§ Assigned task: In the listing below, locate the line containing "My own background" and the line containing "East Wantsdyke in". Output both of them and every line between, exactly as written, and nothing more.

§ Information supplied:

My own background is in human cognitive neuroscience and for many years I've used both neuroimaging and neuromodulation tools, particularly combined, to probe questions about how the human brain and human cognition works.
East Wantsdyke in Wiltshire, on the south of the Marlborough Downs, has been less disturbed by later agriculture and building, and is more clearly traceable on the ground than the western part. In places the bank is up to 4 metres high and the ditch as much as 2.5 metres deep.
...
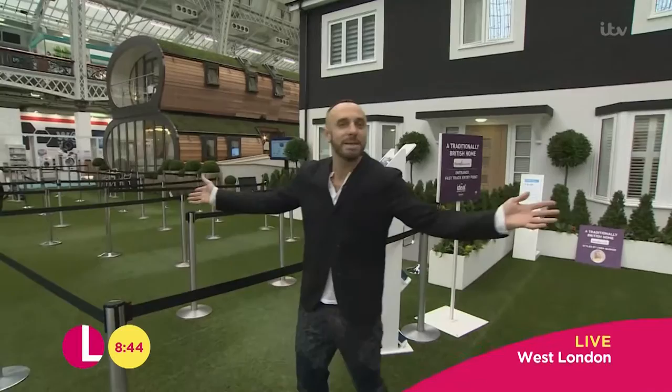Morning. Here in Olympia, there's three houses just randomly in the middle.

§ Result of the task:
My own background is in human cognitive neuroscience and for many years I've used both neuroimaging and neuromodulation tools, particularly combined, to probe questions about how the human brain and human cognition works.
East Wantsdyke in Wiltshire, on the south of the Marlborough Downs, has been less disturbed by later agriculture and building, and is more clearly traceable on the ground than the western part. In places the bank is up to 4 metres high and the ditch as much as 2.5 metres deep.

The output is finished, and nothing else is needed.